The West Hawaii clinic in particular is serving about the maximum number of patients it can now, given the space restraints, officials said.
Once the new clinic is in place, Sewell said one new goal is to recruit specialists to work and live on the Big Island. That’s a change from Kaiser’s current practice of bringing specialists to Oahu, then flying them to the neighbor islands, he said.

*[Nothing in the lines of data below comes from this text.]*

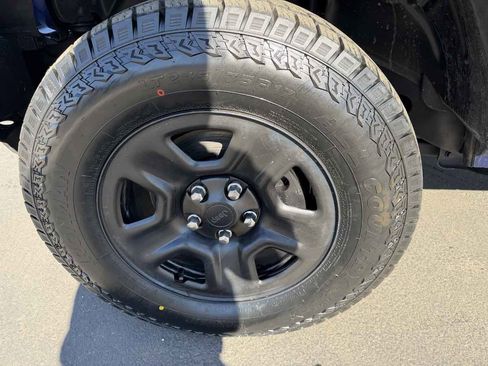 Used 2018 Jeep Wrangler Unlimited Sport image 8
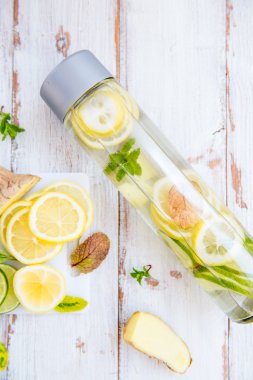 Limon, su infüzyon Detoks kireç, zencefilli limonata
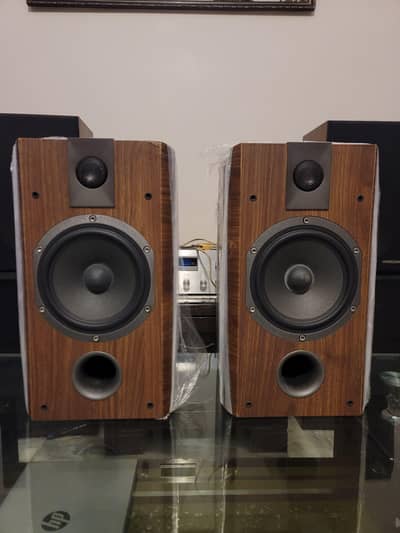 FOCAL BOOKSHELF SPEAKERS MADE IN FRANCE.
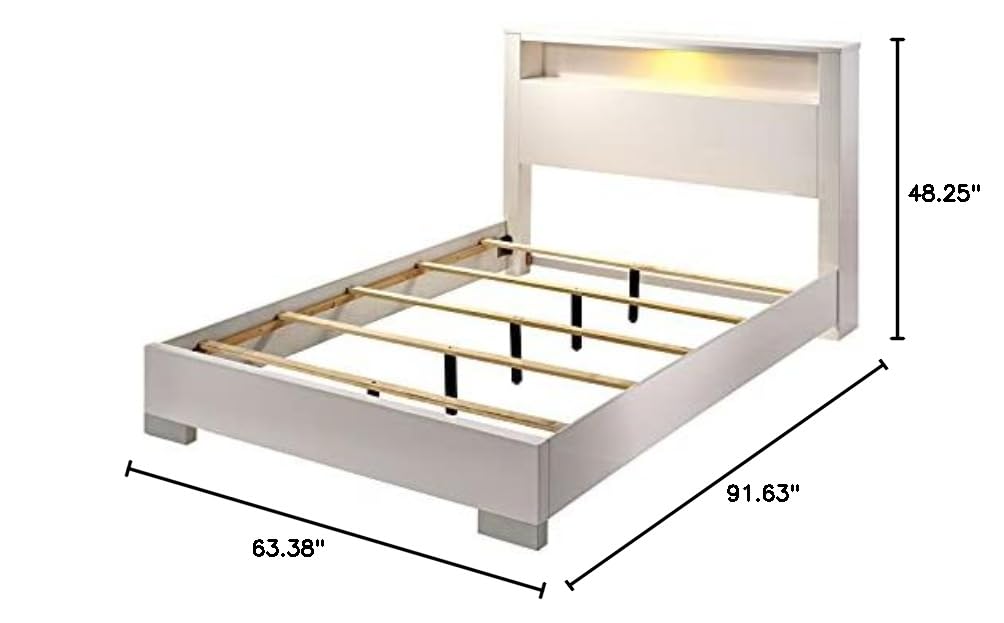 Furniture of America Quaker Contemporary Wood Queen Bed in White - Modern Bedroom Furniture for Home Decor & Relaxation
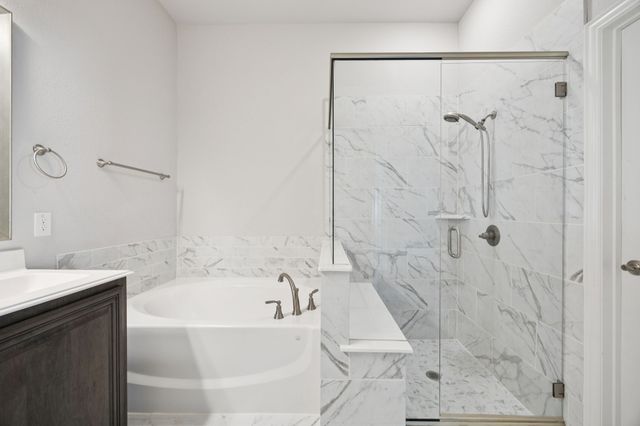 1036 Sandy Hill Road, Burleson, TX 76028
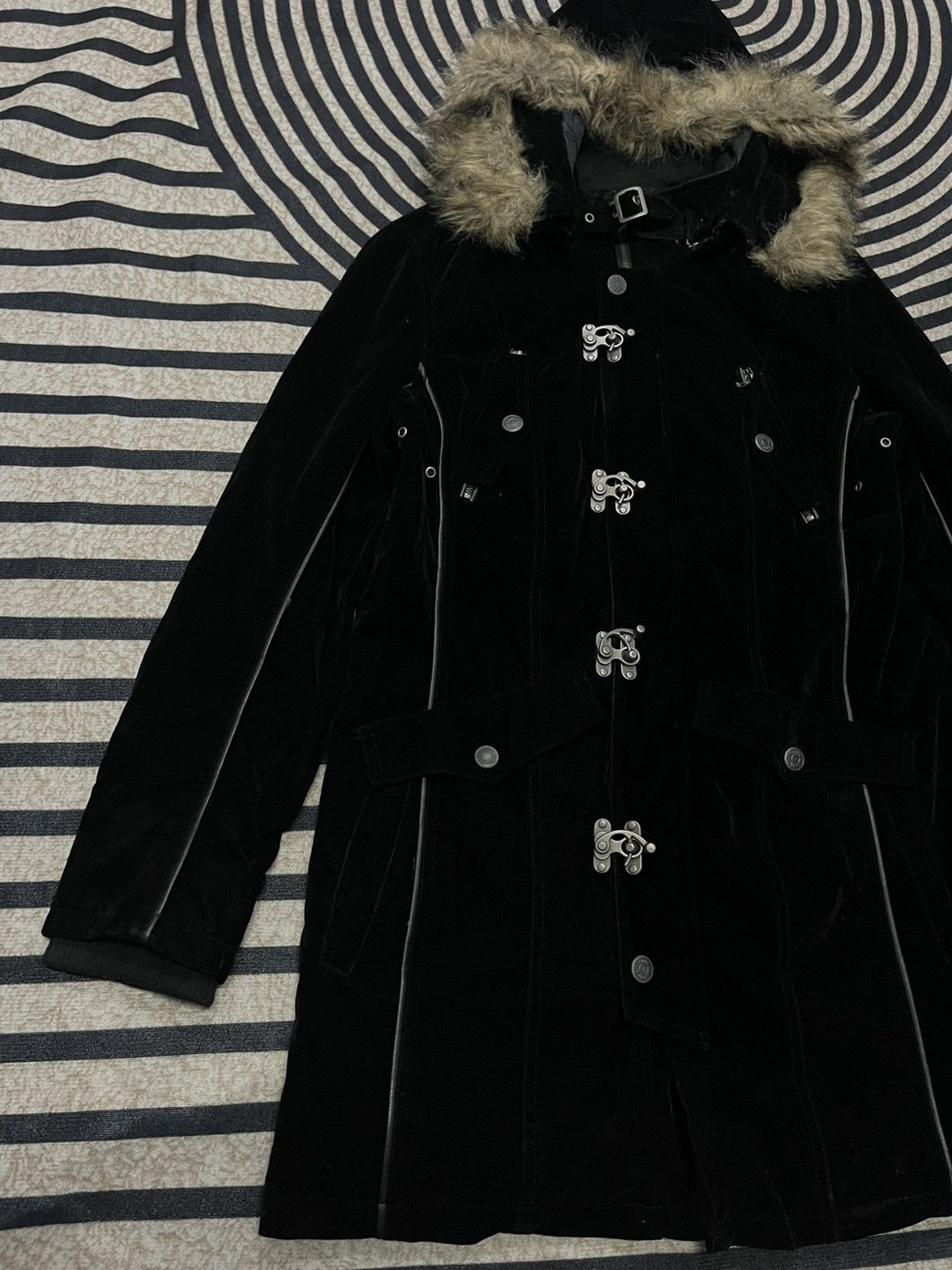 In The Attic 1990s IN THE ATTIC HOMME VELVET PARKA FAUX FUR HOODIE Size US L / EU 52-54 / 3 - 3 Thumbnail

Kurozawa said Kaiser is in the process of recruiting a dermatologist to be Kona-based.
West Hawaii’s future growth makes the Kona site a good location for Kaiser’s future expansion, Liang said, noting the soon-to-be realigned and upgraded Saddle Road will cut down on transportation time for East Hawaii residents seeking medical care here. Driving to Kona — or possibly riding in Kaiser-provided transportation, which is something the company is also considering — is still faster and easier than taking a day to travel to Oahu for some treatments, she said.
Kaiser is spending about $50 million on the project, which includes purchasing the land and construction. Maryl Group is the contractor for the project; CEO Mark Richards said he expected work to begin as soon he obtained permits. He hoped that would be by the end of October or early November. He said about 100 people would work on the project.
Kahu Kealoha Sugiyama opened the ceremony with a blessing that included planting puolo on the property.
“These are gifts,” he said. “Because the center leaf is point up, it acknowledges the gift of aloha from the creator.”
Sugiyama chose items of medical significance, including the kukui nut and aloe, to tie in the future use of the land.
“This project took a lot of time,” he said. “Now that it is here at hand, we want to make sure it is filled with the spirit of aloha.”